We could not believe the words that were coming out of Transport and Communications Minister, Brian Mushimba, as he tried to justify this extra toll on motorists. In fact, his explanation went far into detail, exposing the weaknesses and redundancy of some government institutions and their mandates.

“The reason for the exercise is this, as a country, we have a requirement for census for the people and for other strategic assets for national planning purposes. We are supposed to have a census on the vehicles every 10 years. But we have not done that since the 70s. So, as we speak today, we don’t know the number of vehicles we have in this country. So, government cannot plan properly; the roads that we need to have and the fly-over bridges they need to design because of the traffic volume that we have in the country. So, that’s number one,” said Honourable Mushimba.

“Secondly, we have struggled with criminalities being committed using vehicles and what we’ve discovered is that when someone commits a crime and the police get their number plate, when they go to RTSA to run it, that number is a clone number plate, it’s a duplicate and does not probably exist in the RTSA system. So, what RTSA is doing is to adopt technology in reading number plates biometrically, using the Radio Frequency Identification (RFID). What it means is that if your vehicle is stolen, within a very short period of time, it will be tracked.”

Let’s just go back to “as we speak today, we don’t know the number of vehicles we have in this country, and so government cannot plan properly for the roads.” We are not sure whether the Minister was trying to make us understand how incompetent RTSA is, that it doesn’t keep records of the cars it registers or he meant to reveal that the statistics that Mr Zindaba Soko gives to the public are fake.

It was exceedingly disappointing to hear the Minister declare government’s ignorance on the number of cars that citizens are bringing into the country, and it was even more annoying to hear government’s plans to make people pay in order for the system to get this information.

We feel disappointed because this should be the easiest data to capture, really.
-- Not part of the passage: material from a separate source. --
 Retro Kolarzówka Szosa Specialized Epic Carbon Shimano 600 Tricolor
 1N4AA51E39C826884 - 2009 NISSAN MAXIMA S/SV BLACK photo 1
As far as we are concerned, three State institutions should have this data on the fingertips: RTSA, the Zambia Revenue Authority (ZRA) and the INTERPOL Department at Police Force headquarters. With the introduction of tollgates, the Road Development Agency (RDA) and the National Road Fund Agency (NRFA) can actually give supplementary data on car records because they capture all vehicles that pass through their facility.

If these government institutions are so incompetent that they cannot capture this simple data with the existing mechanisms, as the Minister is suggesting, how can the people of Zambia expect that their stolen motor vehicle will be captured and brought back? Let’s not forget that we are talking about a country where robberies occur right at the police stations, in full view of armed officers. How can such a police service track down a stolen car in Nchelenge? And if we may ask, what would the people do if they paid for this service, and government failed to find their stolen car?

Look, Honourable Minister, save your energy because we already get it; this vehicle re-registration exercise is just another money-making venture that the government has identified. It is not any different from the toll plazas, Internet calling tax, national health insurance scheme, borehole levy and withholding tax on people’s rented property, among many other syphoning tricks.

This is what happens when a government spends money that it doesn’t have; it resorts to extorting from its own citizens! This trend of syphoning money from people will not end because this government is very arrogant with borrowing. They can see clearly that citizens are bleeding from all these taxes, but they keep increasing the cash burden.

If the Minister insists that this is not another money-making trick by the government, then it leaves us with no option but to speculate that perhaps the system simply wants to install the so-called biometric chip so that they can track down the movements of targeted political foes; otherwise, the census excuse is total nonsense!

So, we are sorry Honourable, but you have failed us once again. In our view, you must sit down and tell us how far you have gone in phasing out small commuter minibuses as you promised, because the 2019 deadline you talked about is knocking.